• EXERCISE DETAILS
Set the material down again exactly, line by line, skipping each picture.

• GIVEN DATA
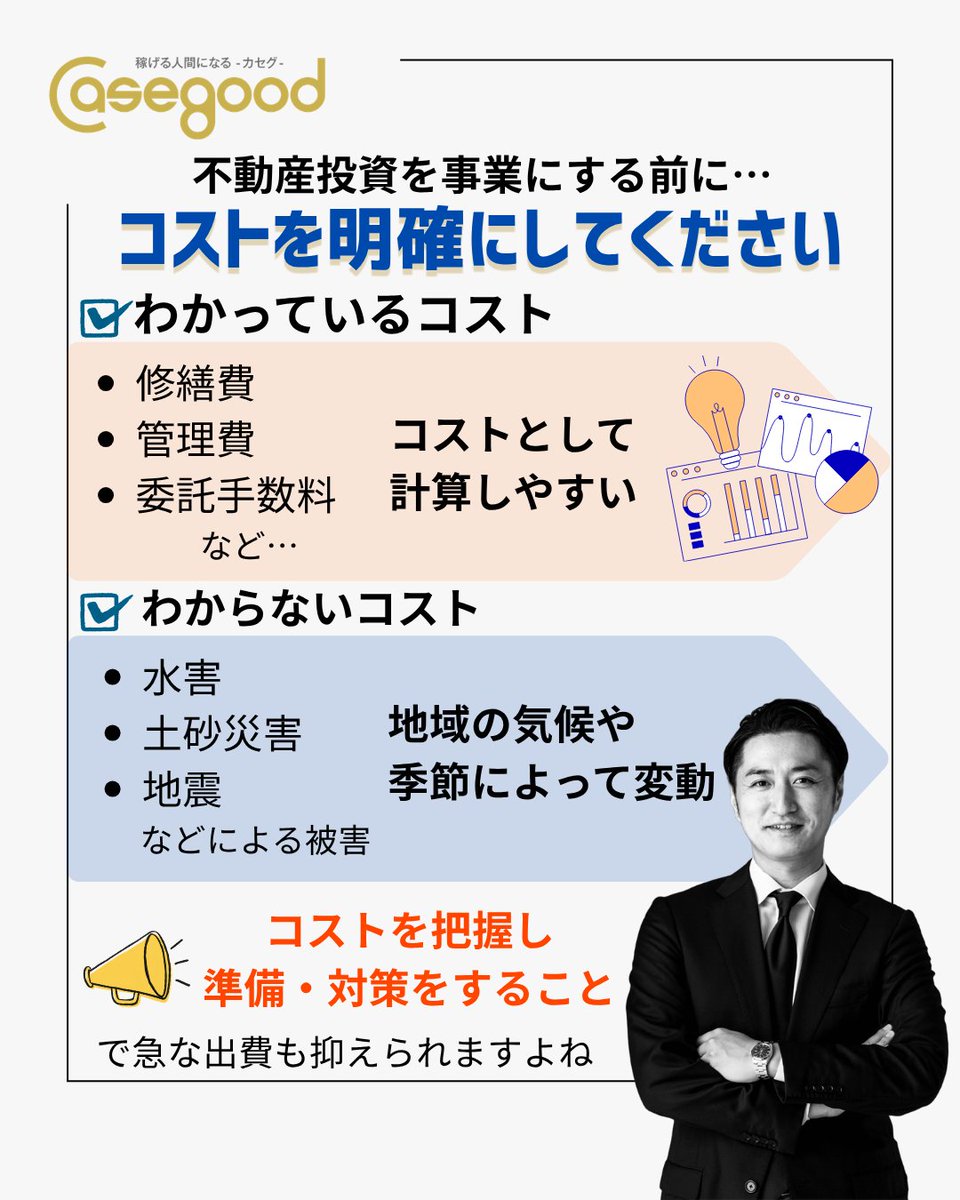 conpas7's tweet photo. 【村上しゅんすけ資産形成戦略室コラム】
不動産投資を続けるにあたって、
かかってしまうランニングコスト。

• TASK SOLUTION
 conpas7's tweet photo. 【村上しゅんすけ資産形成戦略室コラム】
不動産投資を続けるにあたって、
かかってしまうランニングコスト。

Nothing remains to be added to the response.